1st and 4th Mayor of Birmingham, Alabama
- In office December 19, 1871 – April 22, 1873
- Preceded by: Establishment created
- Succeeded by: James Robert Powell

Personal details
- Born: January 20, 1843 Demopolis, Alabama, U.S.
- Died: April 22, 1873 (aged 30) Savannah, Georgia, U.S.
- Spouse: Amelia Peters
- Children: 2

= Robert Henley (Birmingham mayor) =

American politician

Robert Harwell Henley was the first Mayor of Birmingham, Alabama, from 1871 until 1872.

==Life==
Robert Henley was born the son of attorney John Woodson Henley on January 20, 1843. He moved with his wife Amelia Peters to Elyton and founded the weekly newspaper Elyton Sun, which later became the Birmingham Sun, the city of Birmingham's first newspaper.

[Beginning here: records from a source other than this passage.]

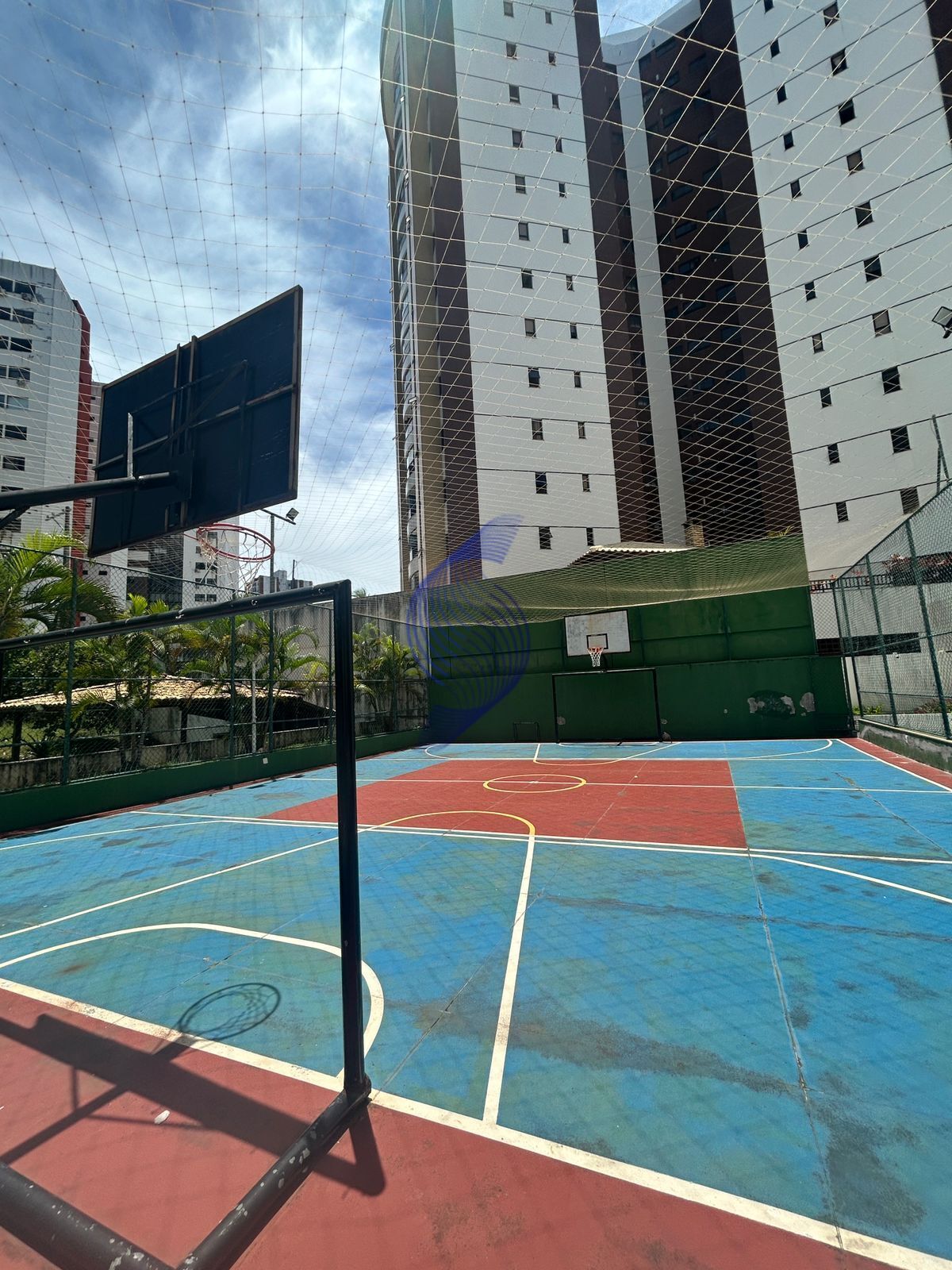 Apartamento, 4 quartos, 156 m² - Foto 21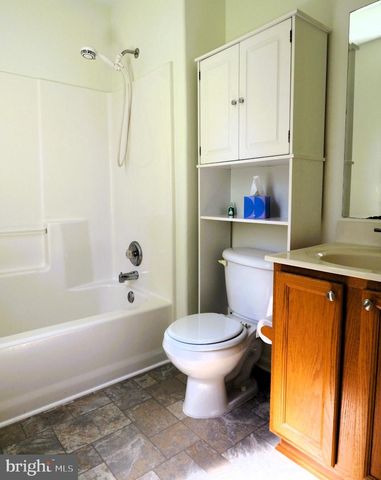 25 JESSE BOYD CIR, Elkton, MD 21921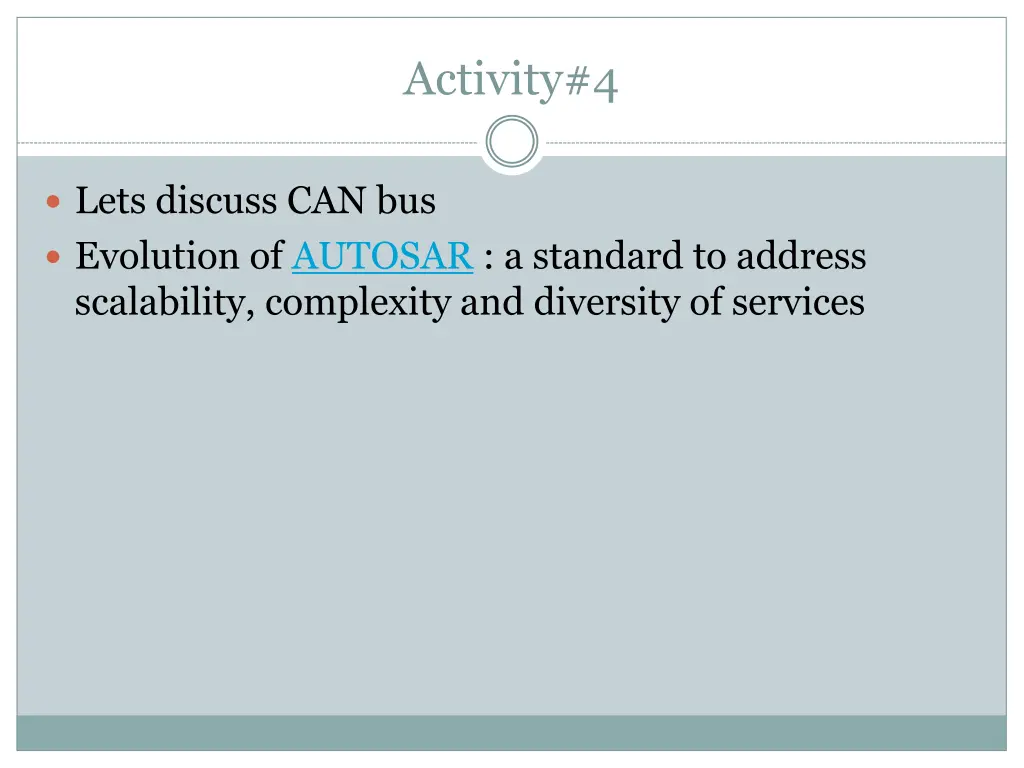 activity 4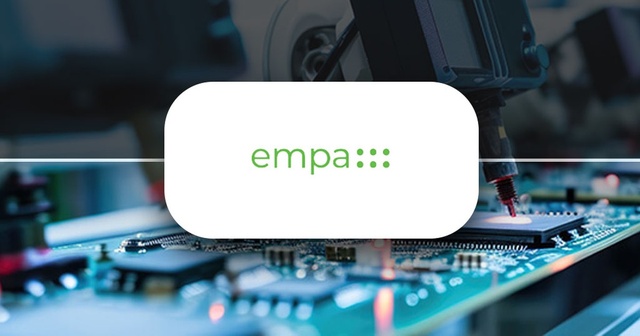 Empa Elektronik Halka Arz Bilgileri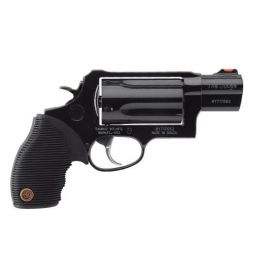 Image of Taurus Judge 2" 2 1/2" Chamber Public Defender 2-441031TC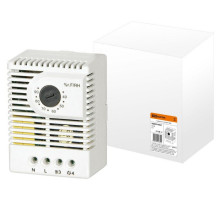 Hygrostat 5A 230V (SQ0832-0021)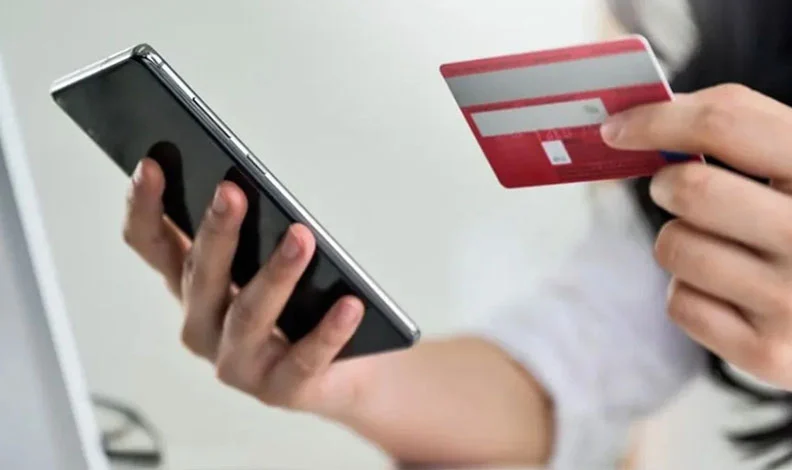 Dolandırıcıların yeni gözdesi olan "IBAN kiralama" yöntemi, binlerce vatandaşı farkında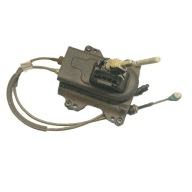Levier de vitesse Câble Engrenage 1.3CDTI OPEL CORSA E 55509034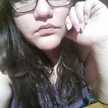 Evelin Humano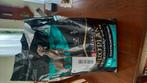 Purina hondenvoer, Dieren en Toebehoren, Ophalen, Hond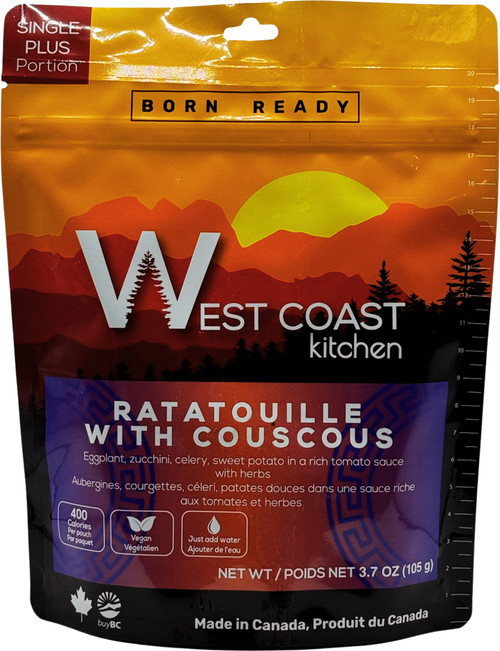 NO_COLOUR|NO_COLOUR|PRI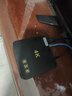I.TGREG【0月租免费看电视】电视盒子wifi通用电视4K网络机顶盒全网通免费机顶盒高清看电视终身Ivip 4K影音【4G高清版本】 直播+影视 实拍图
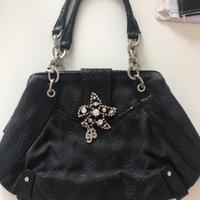 Blumarine borsa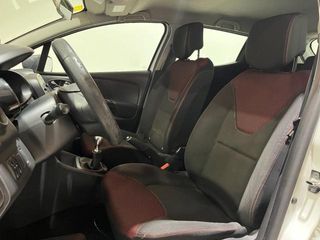 RENAULT Clio 1.5 dCi 75CV 5 porte Dynamique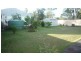 Bellbird Park QLD 4300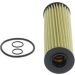 Ölfilter MERCEDES C,E-Klasse F 026 407 132 Ölfilter MERCEDES C,E-Klasse F 026 407 132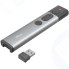 Презентер Trust Kazun Aluminium (23333)
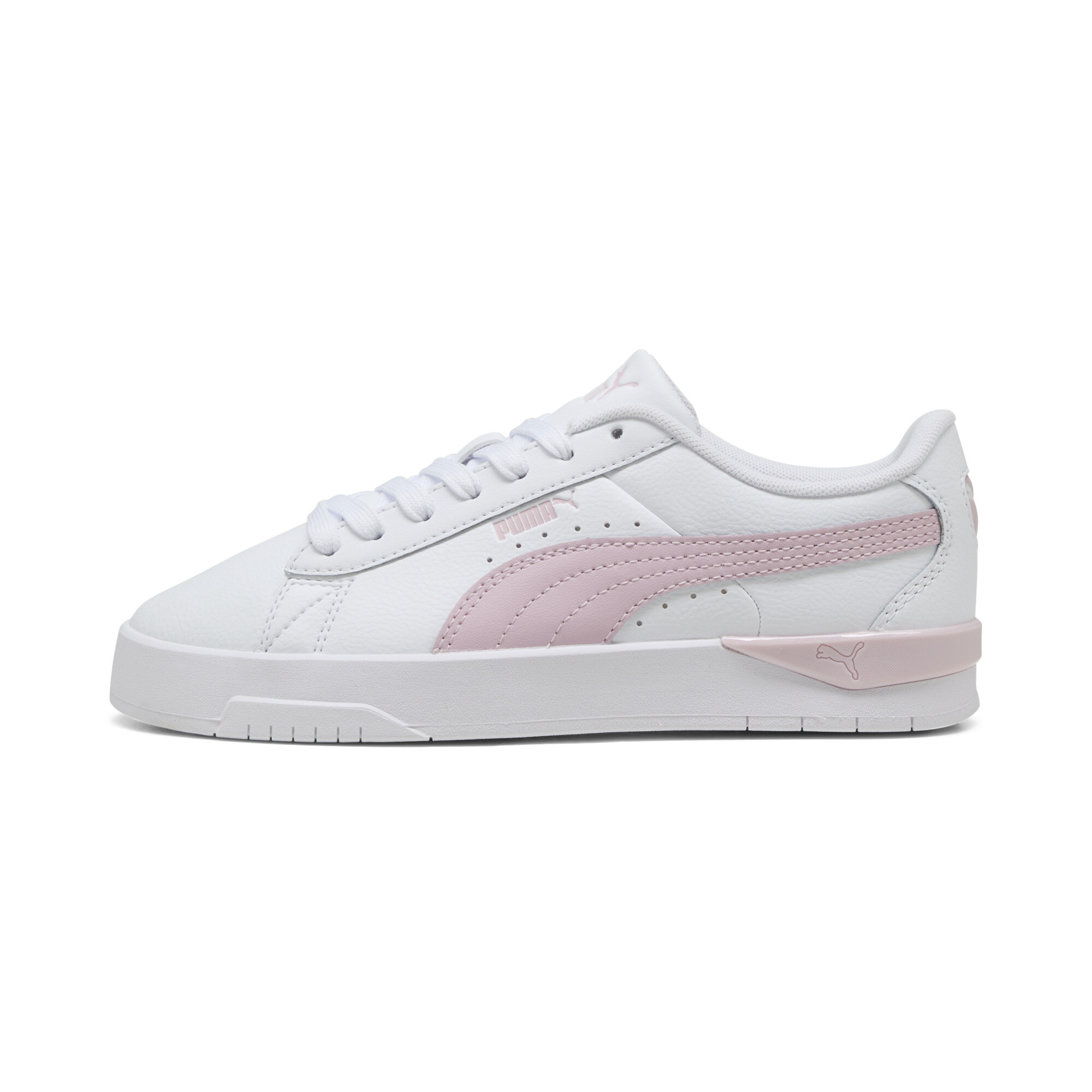 PUMA Jada Classic Big Kids' Sneakers - Picture 16 of 20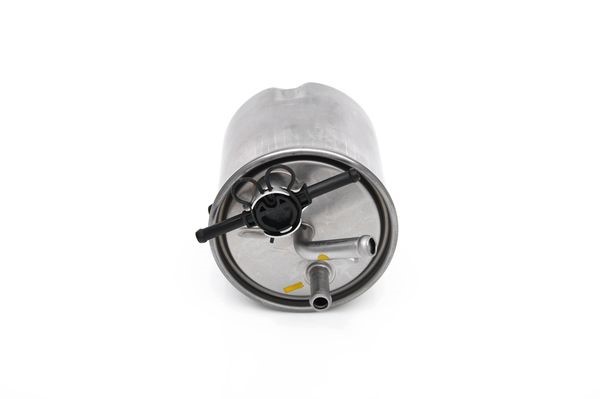 Bränslefilter Bosch F 026 402 059 BOSCH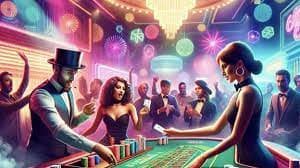 kaskustoto 88 featured game showcase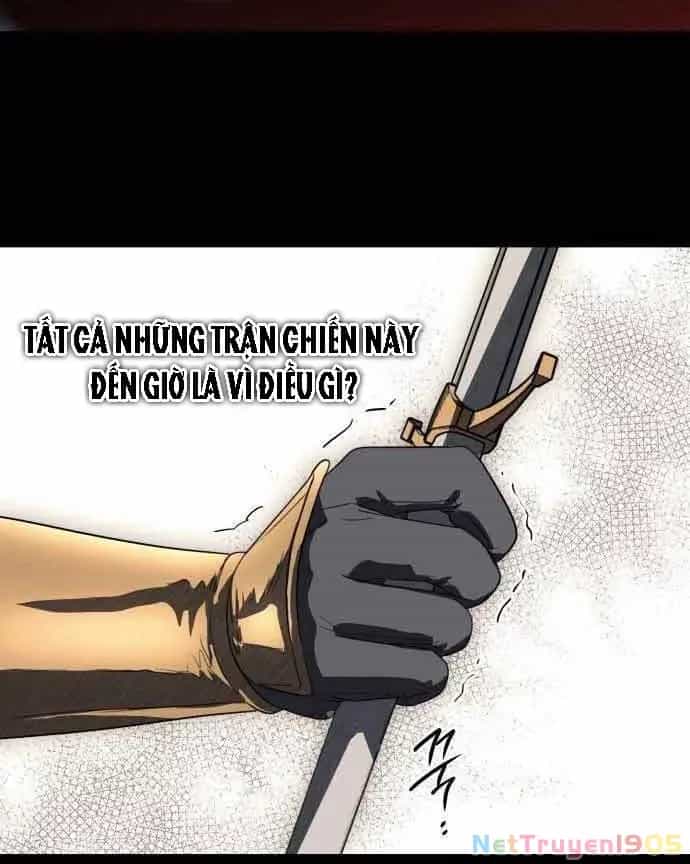 Bị Che Khuất Bởi Mặt Trời Lặn - Chương 135 - ảnh 28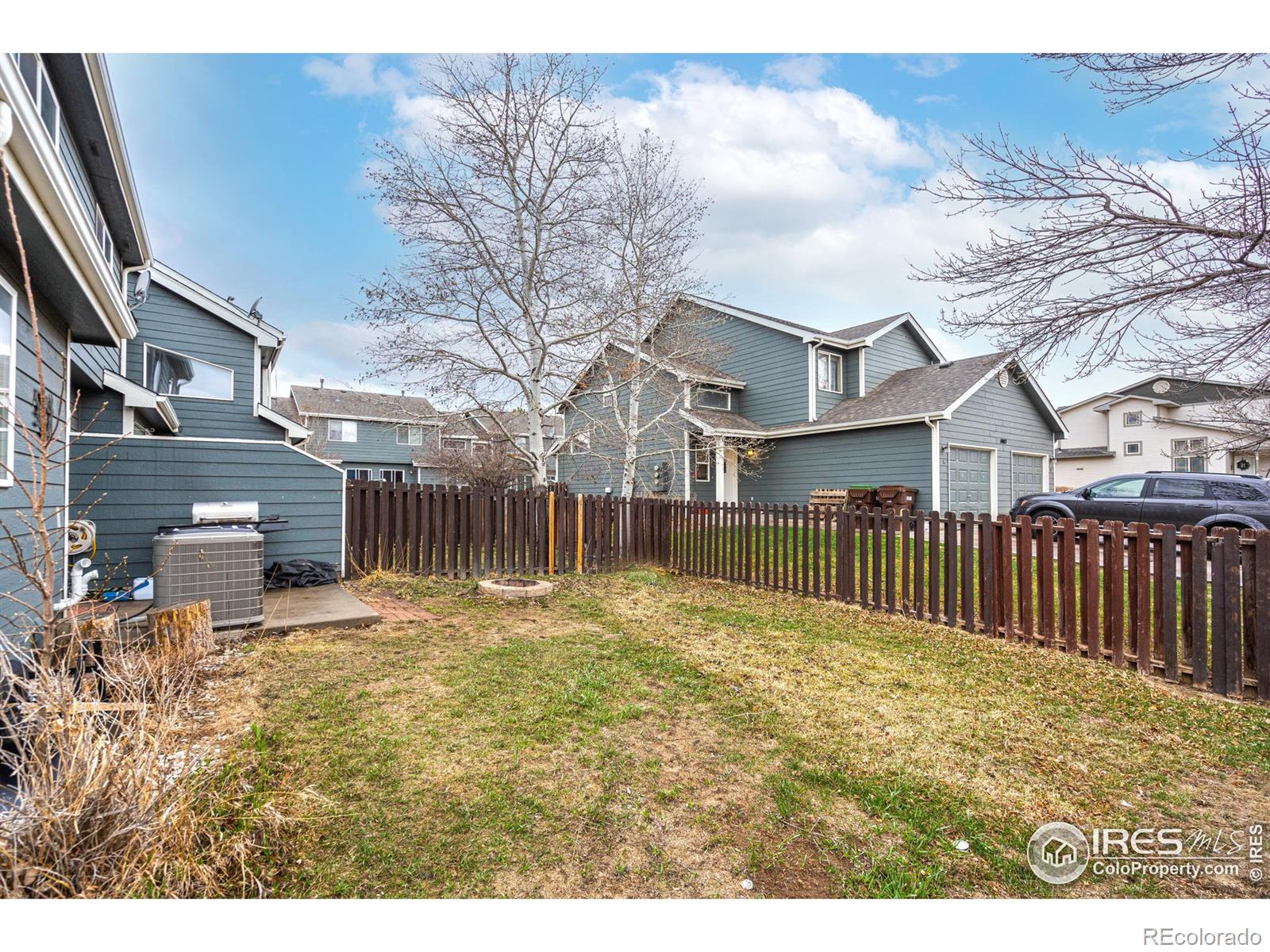 MLS Image #27 for 1061  tierra lane,fort collins, Colorado
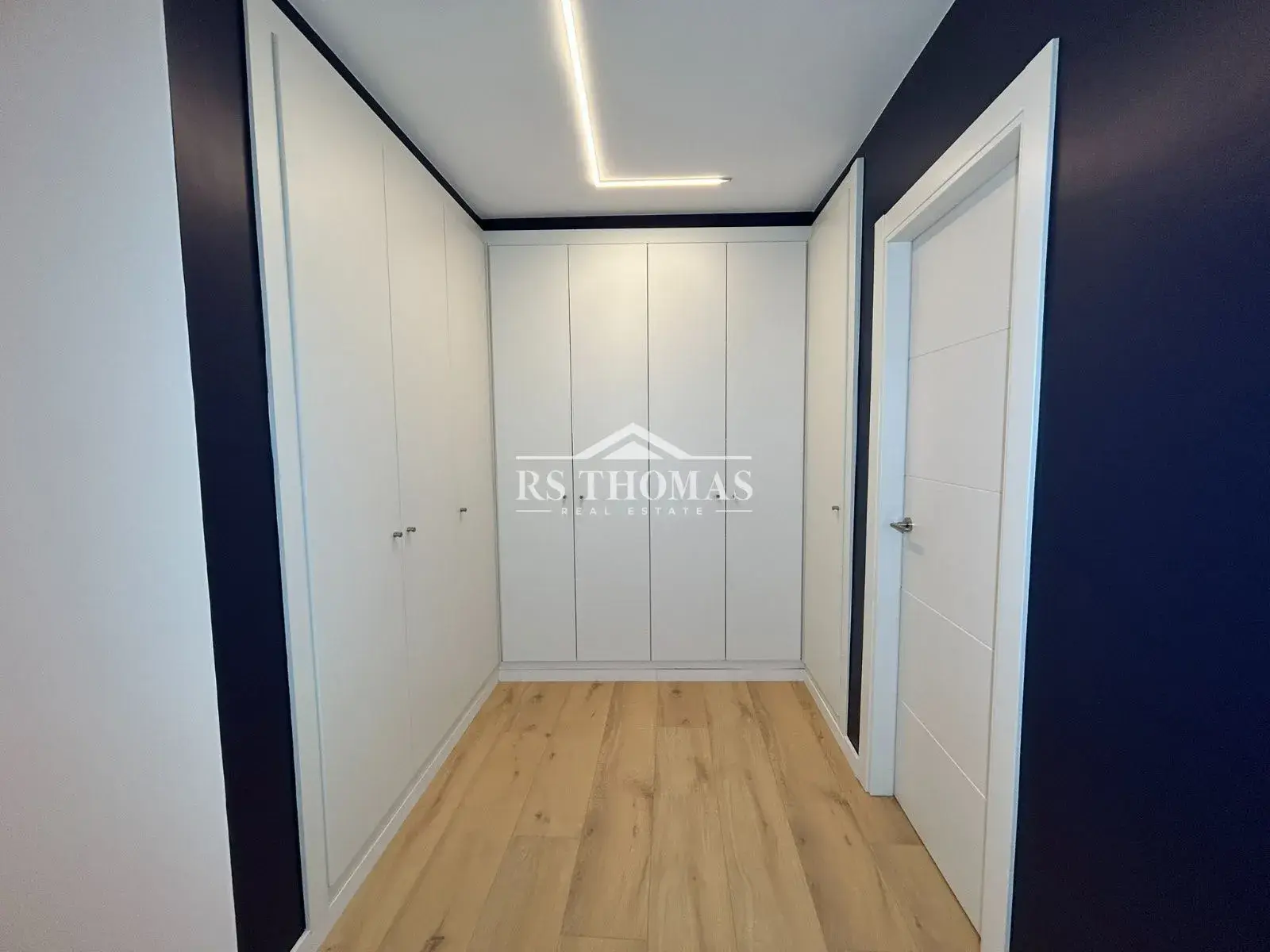 Apartamento de 5 habitaciones en Andorra la Vella, foto 33 de 68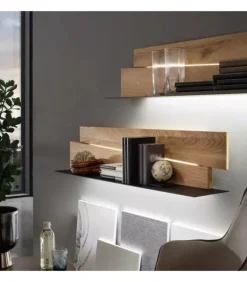 Fashion MARONESE ACF MENSOLA SCUDERIA |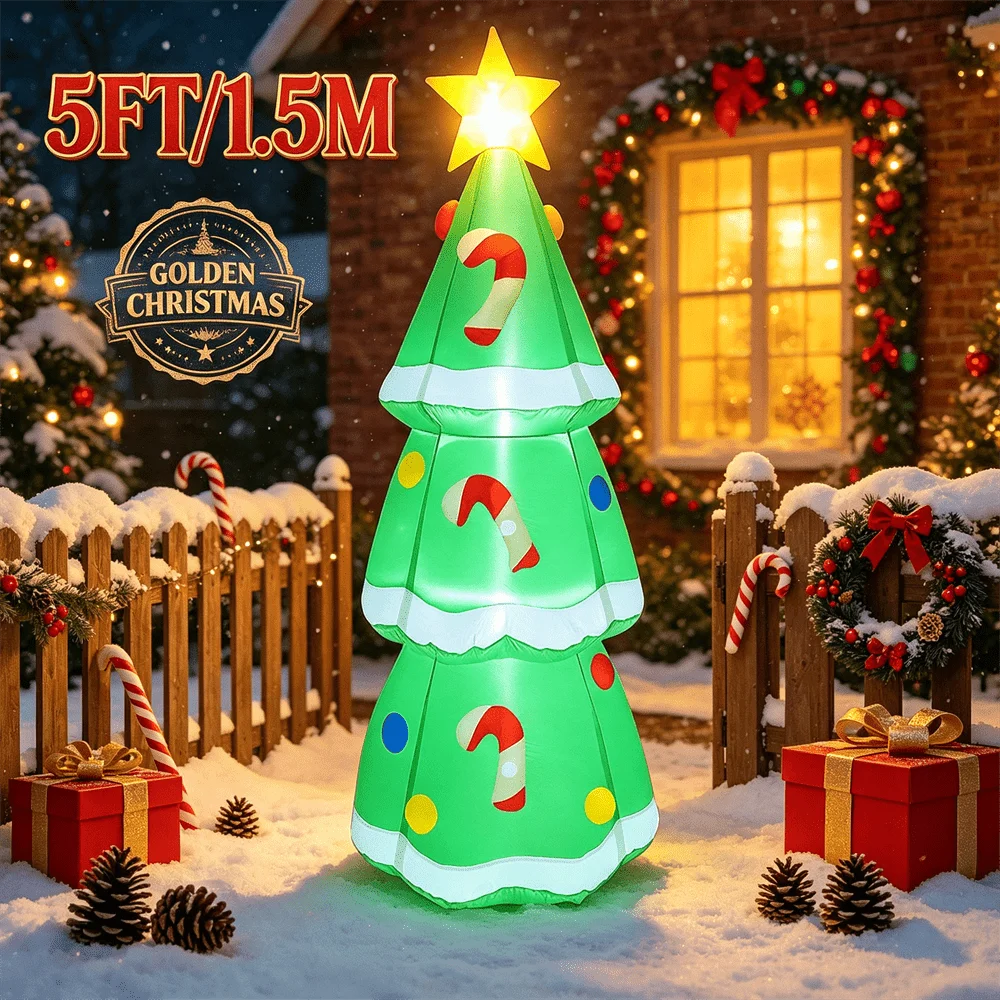 Arbol-de-navidad-inflable-de-15-m-5-pies-para-decoracion-navidena-con-luces-led-ideal-para-exteriores-jardines-y-fiestas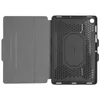 Kép 6/10 - TARGUS Click-In case for Samsung Galaxy Tab S5e (2019) - Black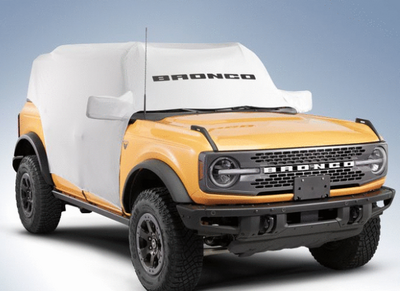 <a href="https://www.fordpartsbc.ca/oem-parts/ford-full-vehicle-cover-vm2dz19a412a?c=bD0zJm49RmVhdHVyZWQgUHJvZHVjdHM%3D"><img src="https://clients.webstager.com/skahaford.com/images/upload/December_2021/Ford_Parts_BC/Maintenance_Tips/CarCover_FordBronco.png"alt="Car cover for the Ford Broncoâ€/></a>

Henley became the first mayor of Birmingham after the city's incorporation on 19 December 1871, appointed by Robert B. Lindsay, the Governor of Alabama at the time.

In 1872, he considered a run for state Senate, but withdrew on account of ill health. He contracted tuberculosis during his term of office and died on April 22, 1873, at the age of 30. He was buried at Oak Hill Cemetery in Birmingham.